Monday, December 14, 2020

Precedential No. 43: TTAB Dismisses Major League Soccer's Section 2(d) Claim Due to Lack of Prior Rights in INTER Mark

Major League Soccer ("MLS") celebrated its 25th anniversary on Saturday night, with the Columbus Crew besting the Seattle Sounders 3-0 in MLS Cup. The league did not, however, find much to celebrate in this Board opinion. MLS (which recently added a team known as "Inter Miami") opposed the application of  F.C. Internazionale Milano S.p.A. (a famous Italian soccer club) to register the mark INTER for goods and services in seven International Classes, including "entertainment services, namely, organizing, conducting, and staging professional soccer games and exhibitions and production of radio and television programs in the nature of professional soccer games and exhibitions." Opposer MLS alleged two grounds: Section 2(d) likelihood of confusion and Section 2(e)(1) mere descriptiveness.
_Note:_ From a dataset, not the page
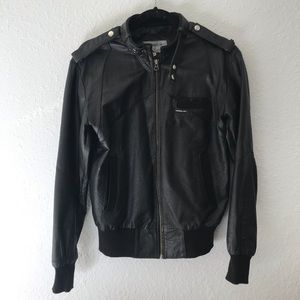 Vintage black leather Members Only Jacket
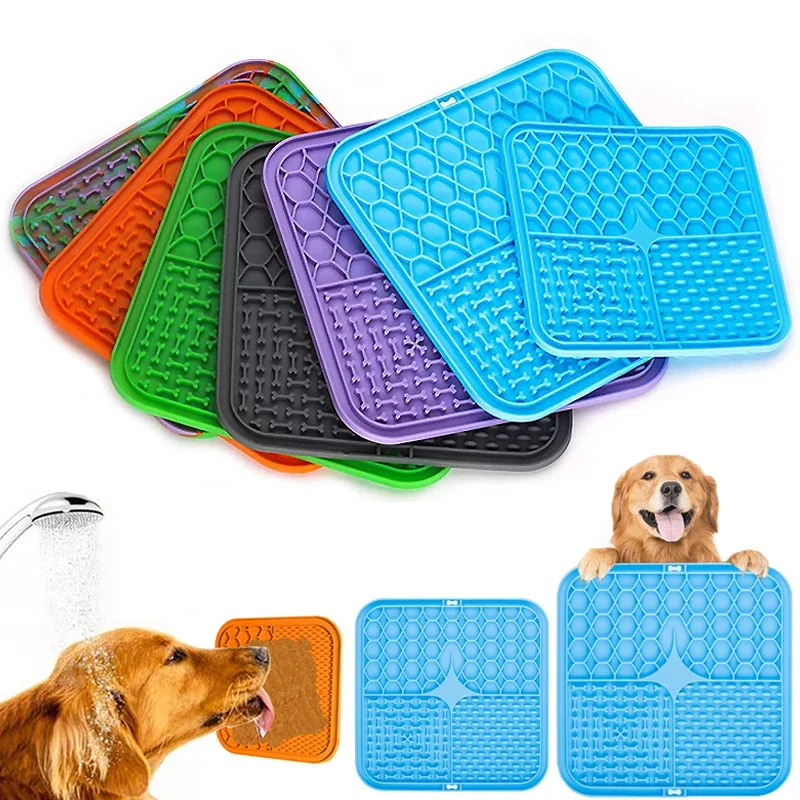 Pet Meal Mat Silicone Suction Cup Licking Mat Anti Choking Slow Eating Basin Dog Licking Mat Training Pet Slow Feeding Tableware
As to the Section 2(d) claim, MLS relied on use of the mark INTER by third-parties prior to Applicant's filing of its intent-to-use application (Inter Miami having been created after Applicant's filing date). Applicant moved to dismiss this claim under FRCP 12(b)(6) for failure to state a claim upon which relief can be granted. The Board granted the motion. Major League Soccer, L.L.C. v. F.C. Internazionale Milano S.p.A., 2020 USPQ2d 11488 (TTAB 2020) [precedential] (Opinion by Judge Thomas W. Wellington).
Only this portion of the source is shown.